Copernicium definitely isn't behaving as we expected without relativistic effects. There's some really interesting work going on with it at the moment by a team from the Paul Scherrer Institute (they go over to Dubna) and at GSI in Germany. We should get a better idea of how copernicium behaves relatively soon, I would think.

You have any hope for an island of stability past 120?

Yuri Oganessian feels there will be one around 120, and there are predictions there might be one after that. Much further beyond I think it's unlikely - relativistic effects mean that the elements are going to get really funky and strange (nuclei the shape of donuts, elements without electrons, just bare cations) so who knows.

Somewhat related topic: what advice do you have to someone currently graduating with a M.S in Biochem that is highly interested in science journalism but doesn't necessarily have a lot of experience?

Experience is important, even at the beginning, to start by trying to build a portfolio.

You've got a few options - there are sci comm postgrad courses or internships, and of course your own student paper - but you need to start writing.

Pitch to some of the magazines to see if you can do something; there's a host of opportunities for young writers. Start doing investigations - anyone can use the Freedom of Information Act to find out something. Look at people who could make an interesting profile piece and write about them. Get on Twitter and start networking (a lot of journalism is about who, not what, you know).

Most important of all: you're going to get rejections. Everyone does. Deep breath and try again.

Could any of these created elements already exist in nature?

YES. In space, almost certainly - probably when neutron stars collide or a sun goes supernova.

On Earth, we think flerovium (element 114) might exist naturally on Earth somewhere. We've been looking since the 1970s - from the San Francisco BART network to stained glass windows in churches to brine shrimp in the Indian Ocean. So far, no luck. The heaviest we have found that was here since the Earth's formation is a small amount of plutonium.

How do you determine which targets to bombard and what elements to use for bombardment?

Great question! On a basic level, you want to use something that adds up to the right number of protons. But with the technique being used at the moment (something called hot fusion) you also want a lot of extra neutrons. These neutrons are cast off during the fusion reaction, helping to stabilise the nucleus and preventing it from exploding.
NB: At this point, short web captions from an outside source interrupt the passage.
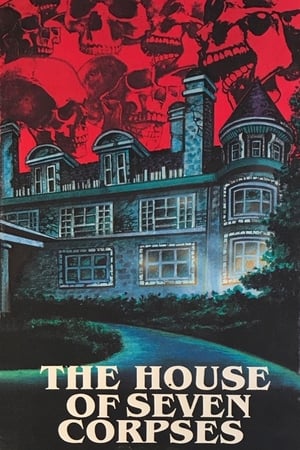 The House of Seven Corpses poszter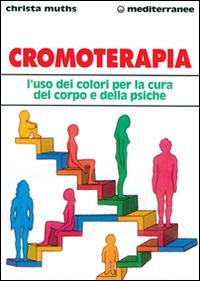 Cromoterapia. L'uso dei colori per la cura del corpo e della psiche - Christa Muths - copertina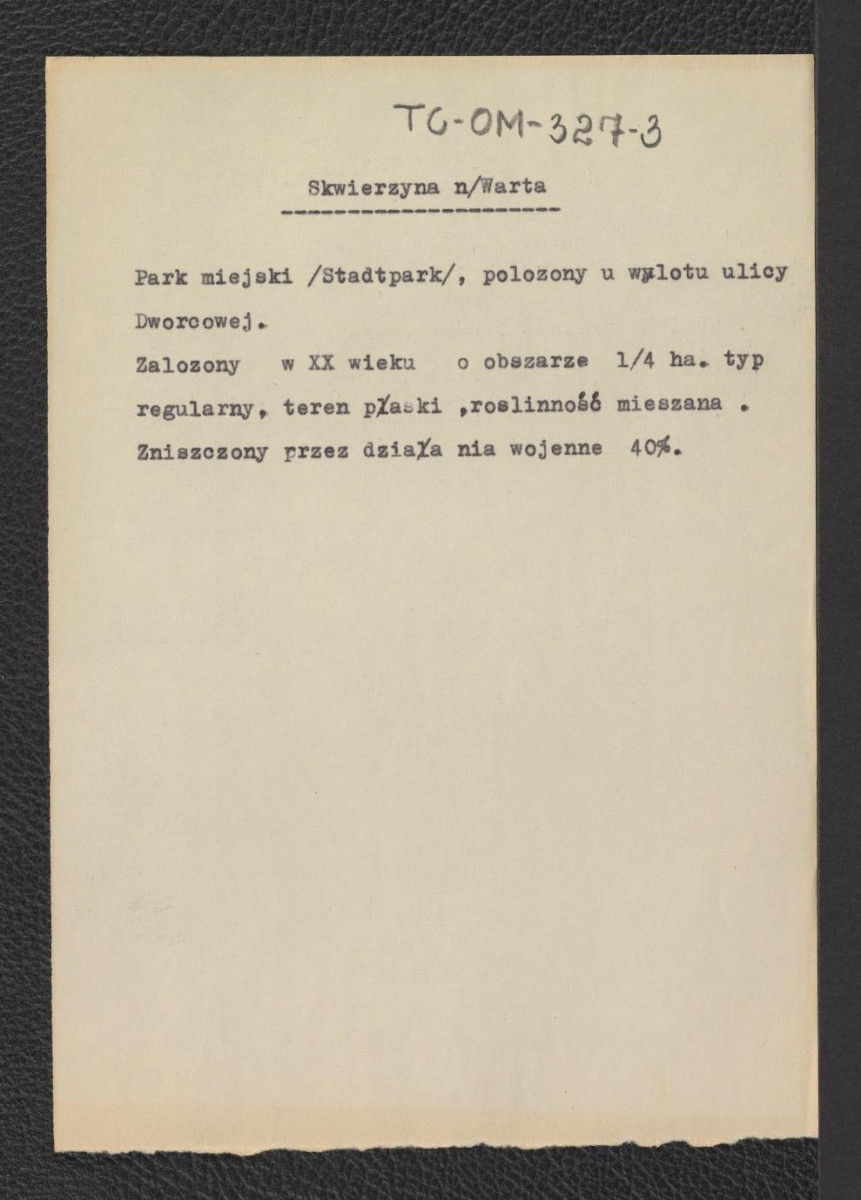 wypisy prawdopodobnie ze Sprawozdania Konserwatorskiego dotyczące alei kasztanowej zaistniałej w XIX wieku oraz parku miejskiego usytuowanego pomiędzy ulicą Parkową, a Kamienną, skan 3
There aren't many light elements that have loads of extra neutrons, but one that is easily available is calcium-48 (20 protons, 28 neutrons). This is also something called 'doubly magic', which is a big advantage. So, now you know you're using calcium (20 protons), you choose your target depending on what you want to make. For example, if you want tennessine (117), you need to shoot calcium into berkelium (element 97).
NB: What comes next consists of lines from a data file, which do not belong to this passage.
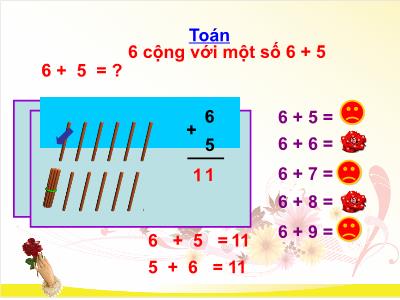 Bài giảng môn Toán Lớp 2 - Bài: 6 cộng với một số 6 + 5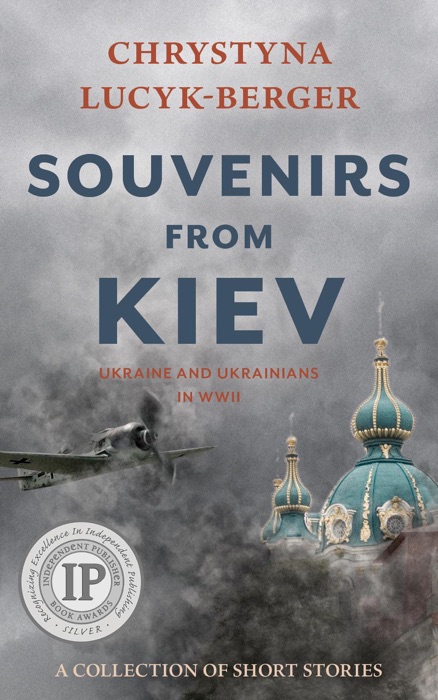 Souvenirs From Kiev: Ukraine and Ukrainians in WWII - A Collection of Short Stories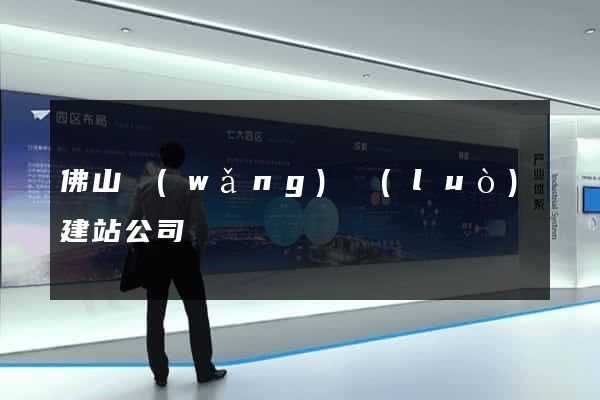 佛山網(wǎng)絡(luò)建站公司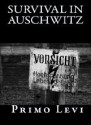 Survival in Auschwitz - Primo Levi, Stuart J. Woolf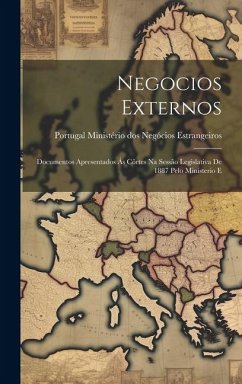 Negocios Externos: Documentos Apresentados ás Côrtes na Sessão Legislativa de 1887 Pelo Ministerio E - Ministério Dos Negócios Estrangeiros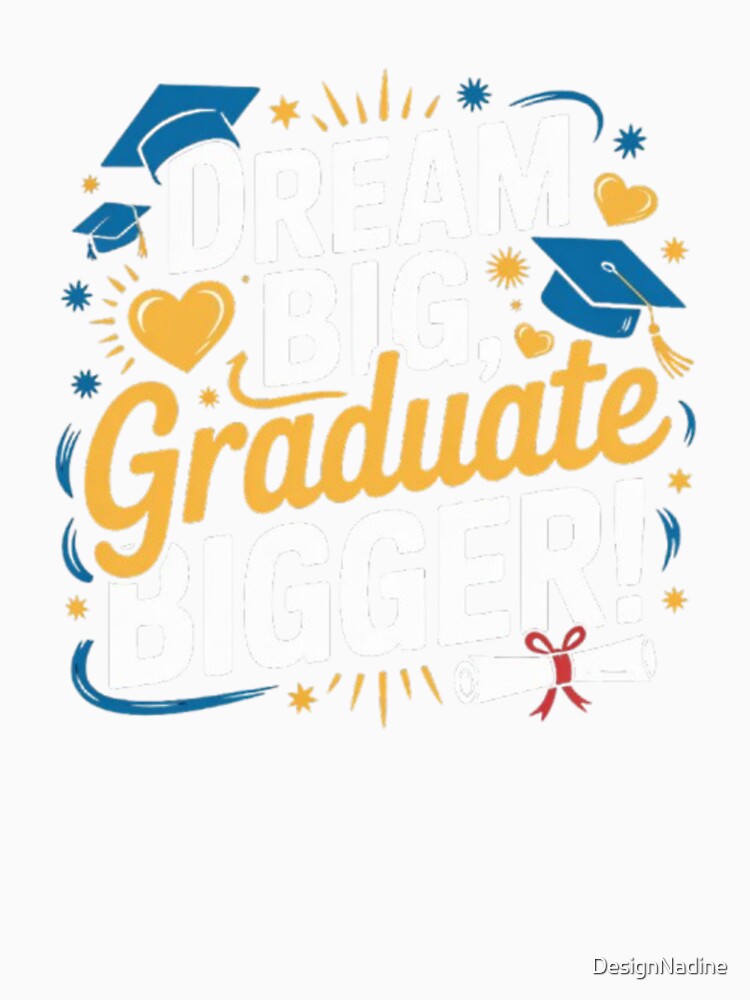 Dream Big, Graduate Bigger! by DesignNadine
We can't use calcium to make elements beyond 118 because past element 98 there isn't enough material of any of the elements to make a viable target. So we're now using slightly different reactions.

I've heard that the possibility of the team in Dubna using a ⁵⁰Ti beam (also, that it was their contingency if ORNL couldn't supply them the ²⁴⁹Bk they needed to work with their ⁴⁸Ca beam, they would try a ²⁴³Am target with ⁵⁰Ti). They might get past 218 that way.

Dubna are using titanium 50 with the Superheavy Element Factory. The RIKEN team are using a vanadium beam.

This is one of the most interesting AMAs I’ve ever seen. Thanks for giving us a glimpse at your personal fascination with elements! I don’t really have anything to add, but I’m curious about your thoughts on a few simple things:

1. How did you cultivate your knowledge of chemistry, and how did you become such a skilled writer/speaker and educator? Somewhat ancillary, was there ever a “tipping point” where you suddenly knew you wanted to learn everything you could about elements?
2. What (if any) citizen science can be done around enabling laymen to be involved in any way?
3. Your username — /u/mrcchapman. Why a second “c” instead of a “k?”

Thanks again!

1) Practice? I've been writing about science for 13 years. I became interested in these elements when the last four got their names. It captured my imagination for a few reasons - one of which was that there was a petition to name an element after Lemmy from Motorhead!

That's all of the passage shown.